Although older patients tend to be sicker and do worse after heart attacks, the study found that those who were given the clot drugs were generally healthier than people who didn't qualify to take them. "If patients are healthier coming in but are more likely to die, it's more of a concern," Soumerai said.

In addition, Soumerai said, the research showed that 27 percent of the people who received the drugs in fact had at least one risk factor that could have discouraged the treatment. For those patients, the risk of death was almost 60 percent higher than other patients with the risk factors who did not get the drugs.

"We need to set up protocols and systems to screen patients carefully, so that only those who are clearly eligible [for clot-busting drugs] receive them," Soumerai said.

But he added, even if very old heart attack patients meet the treatment criteria, "physicians should be cautious about giving these drugs."

Dr. Jerry Gurwitz, a professor of medicine at the University of Massachusetts Medical School in Worcester and a co-author of the latest study, said the findings of both studies should be a red flag to physicians.
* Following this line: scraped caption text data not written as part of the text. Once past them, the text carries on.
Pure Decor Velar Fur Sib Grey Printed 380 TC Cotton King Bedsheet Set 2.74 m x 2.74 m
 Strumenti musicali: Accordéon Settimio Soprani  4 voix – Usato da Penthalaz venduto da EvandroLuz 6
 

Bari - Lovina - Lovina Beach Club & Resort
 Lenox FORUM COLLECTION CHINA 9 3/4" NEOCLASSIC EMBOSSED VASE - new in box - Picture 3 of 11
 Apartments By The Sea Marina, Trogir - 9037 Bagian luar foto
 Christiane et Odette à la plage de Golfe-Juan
They should avoid using clot-busting drugs in very elderly patients with any risks of serious side effects, such as a prior stroke or a bleeding condition, he said. "And when they do use them, they need to be dosed and monitored appropriately," he added.

"There certainly is concern," said Dr. David Thieman, a Johns Hopkins heart specialist who led the earlier research on clot-busting drugs and older patients. "But I don't think the question is ever going to be answered by observational studies."

What's needed, he said, are well-controlled trials designed specifically to address whether the drugs are indeed harmful to the very elderly.